The speed of transition has been overestimated. Data from the STM Report 2015 shows that in the last 10 years Gold OA articles have increased from about 3 percent to 13 percent of the total produced each year. At the same time, due to the growth of the market, overall numbers of articles and journals in the subscription-licensing based model continue to grow.
Further, the STM notes that the use of subscriptions and the origin of papers are mismatched. Subscriptions are spread around a broad spectrum of over 15000 institutions worldwide. The producers of papers are much more concentrated in a smaller set of highly research intensive institutions. A full Gold transition would envisage the research universities bearing a higher proportion of the overall costs than at present while the less research intensive would have their information costs dramatically reduced.

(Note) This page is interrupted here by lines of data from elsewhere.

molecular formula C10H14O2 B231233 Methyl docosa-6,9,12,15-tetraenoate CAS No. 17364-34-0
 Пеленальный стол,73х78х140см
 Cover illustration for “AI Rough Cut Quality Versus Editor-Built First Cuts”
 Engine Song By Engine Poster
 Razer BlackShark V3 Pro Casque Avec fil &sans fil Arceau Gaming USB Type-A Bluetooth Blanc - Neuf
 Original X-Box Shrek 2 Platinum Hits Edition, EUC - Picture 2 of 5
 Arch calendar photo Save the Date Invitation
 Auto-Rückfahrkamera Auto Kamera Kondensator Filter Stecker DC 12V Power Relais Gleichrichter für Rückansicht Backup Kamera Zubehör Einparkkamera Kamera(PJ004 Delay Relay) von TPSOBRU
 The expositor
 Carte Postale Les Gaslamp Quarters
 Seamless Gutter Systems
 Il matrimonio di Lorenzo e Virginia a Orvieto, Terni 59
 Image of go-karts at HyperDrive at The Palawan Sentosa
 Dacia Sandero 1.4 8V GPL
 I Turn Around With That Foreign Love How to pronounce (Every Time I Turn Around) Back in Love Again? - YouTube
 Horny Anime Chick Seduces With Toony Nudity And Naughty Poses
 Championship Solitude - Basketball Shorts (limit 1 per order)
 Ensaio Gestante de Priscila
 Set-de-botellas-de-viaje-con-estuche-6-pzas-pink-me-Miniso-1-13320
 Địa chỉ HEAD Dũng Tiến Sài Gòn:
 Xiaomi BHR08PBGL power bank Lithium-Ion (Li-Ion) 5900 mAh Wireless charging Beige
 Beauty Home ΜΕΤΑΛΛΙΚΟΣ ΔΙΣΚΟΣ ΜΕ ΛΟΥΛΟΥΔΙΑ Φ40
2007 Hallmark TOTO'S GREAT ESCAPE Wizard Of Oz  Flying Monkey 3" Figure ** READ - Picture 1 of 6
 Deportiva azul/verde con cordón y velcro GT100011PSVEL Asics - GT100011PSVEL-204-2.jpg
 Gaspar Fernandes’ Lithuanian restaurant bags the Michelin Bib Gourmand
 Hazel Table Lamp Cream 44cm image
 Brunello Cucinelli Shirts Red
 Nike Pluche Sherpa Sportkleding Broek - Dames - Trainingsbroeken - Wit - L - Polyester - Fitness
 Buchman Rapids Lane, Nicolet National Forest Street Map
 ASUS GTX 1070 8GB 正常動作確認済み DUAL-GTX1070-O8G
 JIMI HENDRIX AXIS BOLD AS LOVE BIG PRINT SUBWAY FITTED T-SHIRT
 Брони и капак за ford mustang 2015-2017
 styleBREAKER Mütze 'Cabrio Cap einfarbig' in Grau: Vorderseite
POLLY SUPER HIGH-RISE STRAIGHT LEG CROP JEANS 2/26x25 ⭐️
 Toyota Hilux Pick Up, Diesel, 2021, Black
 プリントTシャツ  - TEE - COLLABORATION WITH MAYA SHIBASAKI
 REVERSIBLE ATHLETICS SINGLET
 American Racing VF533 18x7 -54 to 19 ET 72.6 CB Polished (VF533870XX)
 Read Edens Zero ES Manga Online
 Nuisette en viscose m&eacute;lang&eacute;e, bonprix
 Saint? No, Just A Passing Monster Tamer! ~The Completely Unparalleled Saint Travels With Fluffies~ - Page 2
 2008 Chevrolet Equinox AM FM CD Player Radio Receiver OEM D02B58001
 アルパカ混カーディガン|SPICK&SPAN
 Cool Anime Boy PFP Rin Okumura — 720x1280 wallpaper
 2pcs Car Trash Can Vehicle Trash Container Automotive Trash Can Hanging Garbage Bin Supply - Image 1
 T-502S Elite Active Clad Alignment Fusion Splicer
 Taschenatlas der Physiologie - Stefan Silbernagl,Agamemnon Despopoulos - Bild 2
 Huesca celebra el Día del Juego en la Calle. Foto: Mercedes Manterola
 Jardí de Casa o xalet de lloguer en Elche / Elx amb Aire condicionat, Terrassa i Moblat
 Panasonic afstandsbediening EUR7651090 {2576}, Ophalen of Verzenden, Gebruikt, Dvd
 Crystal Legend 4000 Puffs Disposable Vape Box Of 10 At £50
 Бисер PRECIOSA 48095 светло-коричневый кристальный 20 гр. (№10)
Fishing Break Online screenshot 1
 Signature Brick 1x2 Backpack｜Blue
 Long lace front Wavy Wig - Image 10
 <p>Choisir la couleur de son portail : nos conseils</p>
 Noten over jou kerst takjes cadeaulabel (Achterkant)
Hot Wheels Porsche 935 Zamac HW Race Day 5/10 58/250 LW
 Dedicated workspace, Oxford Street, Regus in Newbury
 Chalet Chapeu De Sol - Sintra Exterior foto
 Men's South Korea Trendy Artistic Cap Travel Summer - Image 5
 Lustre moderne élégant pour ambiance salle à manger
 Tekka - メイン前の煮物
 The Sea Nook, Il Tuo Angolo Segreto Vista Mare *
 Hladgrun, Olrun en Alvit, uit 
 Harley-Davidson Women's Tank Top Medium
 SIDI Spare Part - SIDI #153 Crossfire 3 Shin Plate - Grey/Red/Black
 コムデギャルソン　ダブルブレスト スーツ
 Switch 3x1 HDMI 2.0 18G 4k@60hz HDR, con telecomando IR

The MPDL median APC figure of €2000 does not reflect the current mixed market of mainly subscription based resources and is too low for a 100 percent Gold universe. The MPDL estimate of €2000 as a median APC is much lower than the €2495 estimated by the Wellcome Trust. MPDL advocates retaining existing journals with the current level of service, but the model needs to account for the associated costs. Many hybrid journals, whose APCs are accounted for in the Wellcome Trust estimate, have higher costs because they are more selective than the sound science journals that dominate the fully-OA market. In a 100% Gold universe, APCs would also need to cover the significant infrastructure costs currently sustained by subscriptions. Because it is not just libraries who pay for journals, research funders and corporations should also be included in this dialogue now and in the future, notes STM.
STM supports the so-called Gold or pay-to-publish route to OA as a sustainable way forward for open access publication, but recognises the need for green open access options. The Association also support the approach recommended by the Finch Group and others. The economics and politics of such a transition will be far from simple or easy.
Several pilots have been agreed between publishers and consortia or institutes that attempt to manage the transition to open access. These allow for both subscription access, and open access publishing minimising administrative obstacles or cost barriers.